Trump, so far, has taken more delegates on the night than all the other candidates combined. Trump, in a weird twisting of the 2008 and 2012 primaries, which the GOP had thought they had prevented in 2016 with some creative scheduling, is going to win the nomination because the other candidates are eating each other alive.

After this week, Trump’s pluralities in popular vote are going to turn into majorities. This will be the week the GOP realizes they need a single standard-bearer to take down Trump. By next week they’ll realize they waited too long.

Trump takes Arkansas and Clinton takes Massachusetts.
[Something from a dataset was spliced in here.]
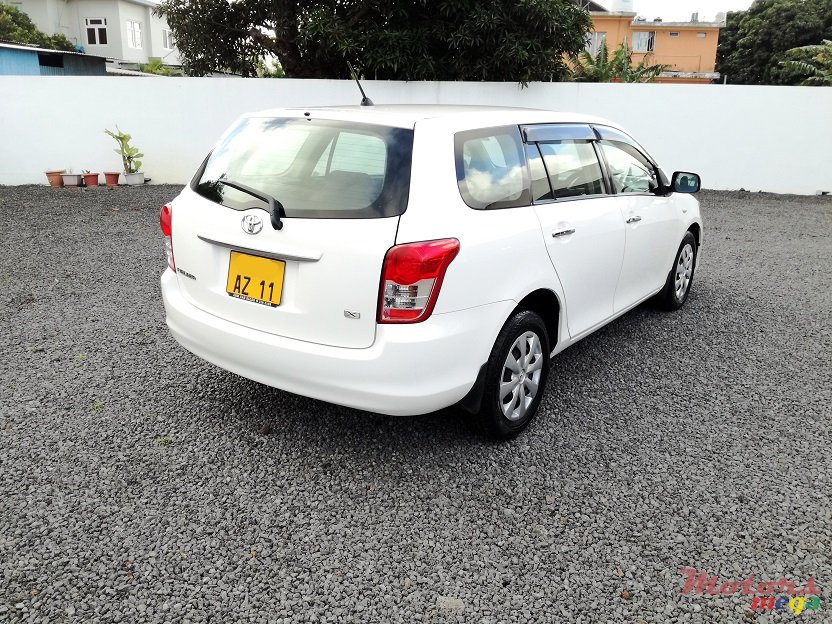 2011' Toyota Fielder AXIO 1.5L JAPAN photo #1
That’s a big loss for Sanders.


Clinton is starting to pull away from Sanders more quickly than Barack Obama pulled away from Clinton in 2008.

Sanders is a serious candidate, despite much of the disparagement his campaign has encountered. Whereas Trump has lowered the level of debate over in the GOP race, Sanders is the sole reason that any policies of substance have been discussed in the Democratic race.

It was Sanders that brought up college tuition, universal healthcare, income inequality, racial equality, global warming, and more, more than just platitudes that Clinton would let fall like rose petals on her way to the coronation. Sanders made sure they stayed issues and that the frontrunner was forced to take stands.

Sanders isn’t done yet, but combined with the superdelegate count, he’s starting to get creamed. He’ll stay in long past the time when the news media has moved on. His impact on the debate will continue to decrease, but he will remain an influence, and that’s a good thing.

Sanders’ campaign hasn’t been put into this trouble because his policies didn’t resonate. In fact, the more people research him, the more supporters he gets. Rather, he has just run into a massive party coalition that was solidified years before Bernie decided to run. 2016 was always supposed to be Clinton’s year, and she made sure that her support within the party above the voters was secure. The work that was done inside the party is paying dividends now.

Of course it was going to be that way. Clinton was blindsided by Obama in 2008. All the internal work she took for granted in 2008 was done over the course of the entire Obama presidency. The most tangible result of this is the overwhelming support she has from superdelegates.

The superdelegates were an open question in 2008. In 2016, they have never been in doubt, breaking for Clinton at a rate of over ten-to-one. That’s why Clinton is winning. She found a way to exploit a built-in advantage in the party that has nothing to do with popular vote. But it has been Sanders that made sure she had to actually run as a Democrat.

That’s four hours of this nonsense, and I haven’t been paid a dime, so I’m calling it a night. The night belongs to Clinton and Trump.


Oh, hey. One last thing. If there is anyone from the Washington Post who reads this site, I want you to know that I saw that period tonight at about 11:40 when your paper had Massachusetts for Sanders and then switched it.